Naturalmente il concessionario cercherà in ogni sede di far valere i suoi diritti, però credo che il governo, lo Stato e il Parlamento debbano interrompere questo circolo vizioso cercando di mettere delle regole molto più stringenti. Sono necessari gesti forti e coraggiosi in materia. La politica deve fare scelte nette e bisogna attuarle immediatamente, con un dialogo molto serrato e con delle imposizioni con la concessionaria assolutamente impegnata.

Altrimenti la logica diventa quella che si danno delle belle regole che però valgono a babbo morto, a concessioni scadute. Questo non ce lo possiamo permettere perché le concessionarie han tempi lunghissimi, 2038. Adesso non sappiamo che Bruxelles aveva assicurato altri quattro anni, adesso quella non è ancora operativa. È bene precisare che al momento la concessione europea scade nel 2038, però non possiamo aspettare tanto tempo per intervenire. Per altro ogni 5 anni gli atti convenzionali sono soggetti a nuove regolamentazioni proprio per verificarne l’andamento, questo secondo le regole. E quindi ci sono delle opportunità reali insomma per intervenire.

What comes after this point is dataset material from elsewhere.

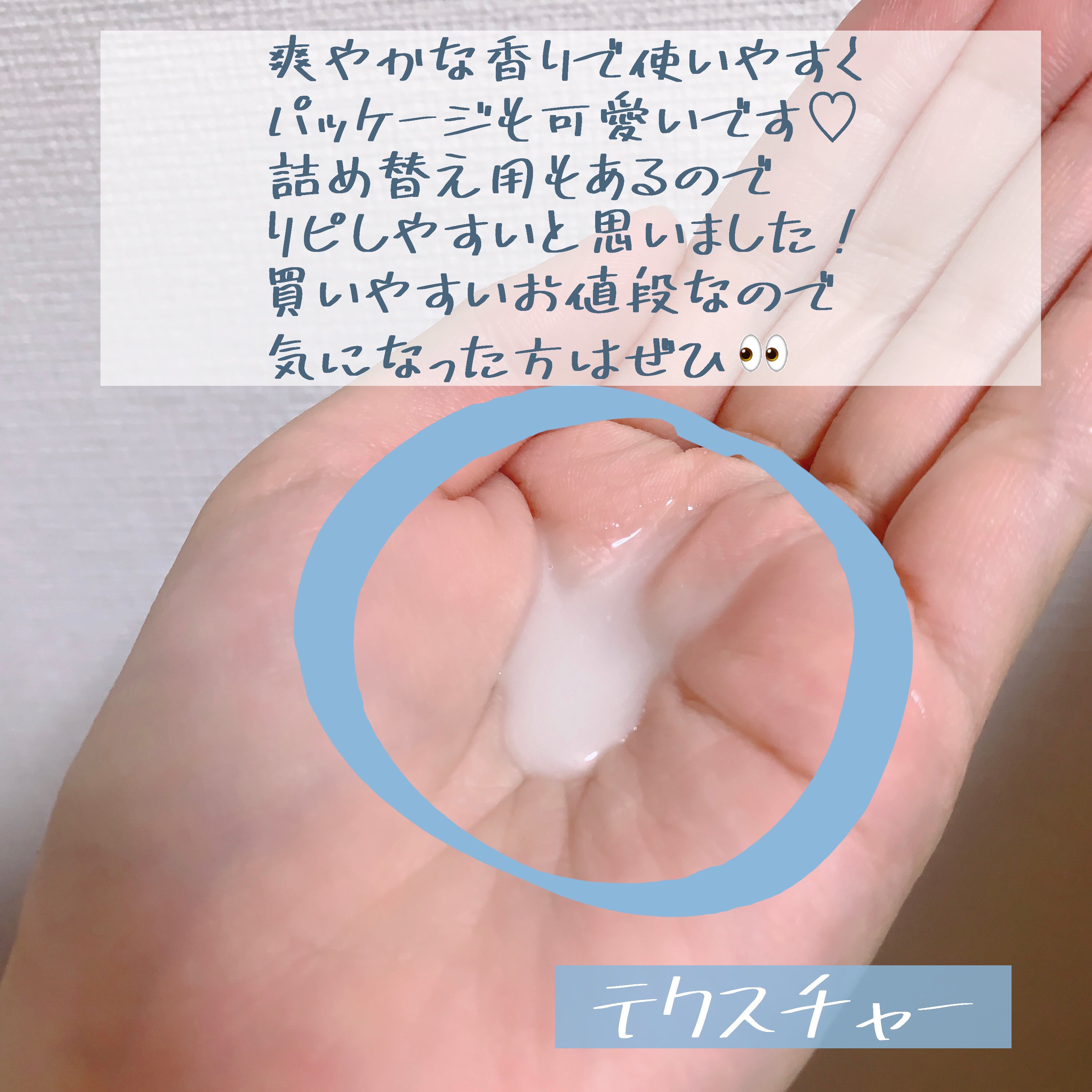 エンジェルスキン ボディウォッシュ サボン＆ブーケの香り/ニベア/ボディソープを使ったクチコミ（3枚目）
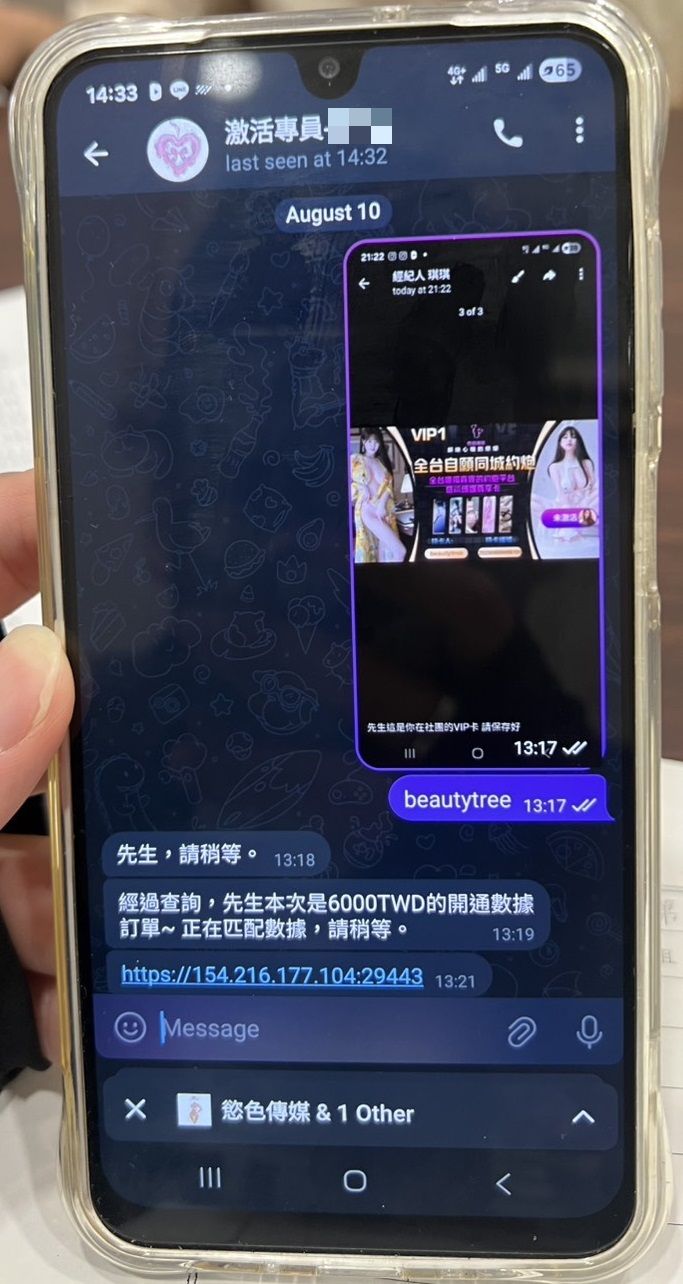 ▲▼男子想要參與全台配對約炮，差點被騙30萬元。（圖／民眾提供，下同）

Al governo Conte possiamo dare il merito di aver fatto nascere un serio dibattito sulle concessioni ad Autostrade. Ma alle parole seguiranno i fatti o pensa che cadrà tutto nel dimenticatoio e che il governo non saprà riscrivere le regole a tutela dell’interesse pubblico?
Trovo positivo l’avvio della procedura di contestazione della concessione – credo che lì vadano accertate delle responsabilità di cattiva manutenzione, mancata custodia, mancati interventi – e l’annuncio del ministro Toninelli di un cambiamento per il futuro. Nello stesso momento vedo che nel governo ci sono pareri diversi e due anime distinte: i Cinque Stelle, nelle politiche intraprese in questi anni, non hanno responsabilità, la Lega, invece, come ho già detto, ha sostenuto i provvedimenti peggiori causando lo status quo. Resto un po’ preoccupata che se ne parli tanto e che poi non accada nulla in termini di cambiamento. Comunque, su questo, stiamo a vedere e giudicheremo quel che verrà fatto dall’attuale governo.